Yes i checked the tutorial. Per my understanding, if we only do “Steel Cross Sections Resistance”, above both have same effect. only in case when we do “Steel Buckling Resistance”, we need use “Combined Loads” and “Analysis of Combined Loads”, am i right?

So the differences are:

  • superposistioning: calculates automatically the superposition of multiple available already calculated loadcases, according to the combination rules defined in the task “Define Combination”.
    This task superpositions multiple load cases in order to find the maximum values for a desired internal force and element type, e.g. maximum bending moment in quad elements or minimum support force in nodes)
    This task is used for systems with multiple load cases and multiple actions.
    → results: Multiple superposition load cases
    (Graphic → results → select element type → select desired force → choose a superposition load case, here between 1100 and 2300)

  • combine results: Combine the results of the selected load cases according to the defined combination rule.
    This task is used if you only have a few loadcases and want to check a simple combination rule. Or if you know the maximum combination rule for your case.
    → result: a new sum of results
    (Graphic → results → select element type → select desired force → select result load case, here 16000)

  • combine loads: simply adds loads of the selected load cases according to the selected combination rule together.
    → The result is a new loadcase with actual loads.
    (Graphic → Loads → Input Loads → Alla loads → select load case, here 15000)

  • analysis of combined loads: calculates the newly created loads of the task (combine loads). Here you can decide if you want to calculate the system according to the second order theory

The screenshots show the TEDDY code that is calculated in the background of the SSD task calculation. You can see the code by right-clicking on a task and selecting “Text Editor”.

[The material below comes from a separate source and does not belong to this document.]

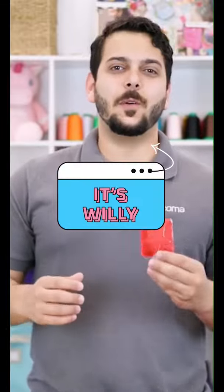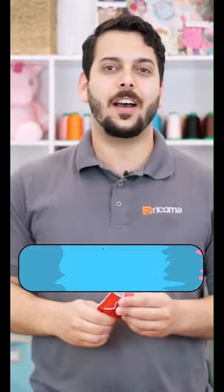I'm Willy, and this week we're adding another hot item to your embroidery shop by teaching you how to make holders for travel size hand sanitizer.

The tasks “Combined loads” and “Analysis of combined loads” are therefore designed to calculate systems according to second-order theory. In this case, superpositioned loads can’t be used.

If you are just calculating a simple steel frame linearly without non-linear effects, I would use the standard SSD workflow.
(“linear analysis” → “superpositioning”, or if you know the exact combination you can use the task “combine results”)

Thanks for reply. then i would say “superpositioning” is basically same with “combine results”, because both of them cannnot be used for second-order analysis. but “combine results” has to be defined the combination formula manually, which is not effeicient. is my understanding correct?

Yes, you can achieve the same results. But they both have different advantages :slight_smile:.
If you are only calculating linear systems, I would use the first two SSD tasks. If you are working with special calculation methods, such as the second order theory, you must use the last two SSD tasks.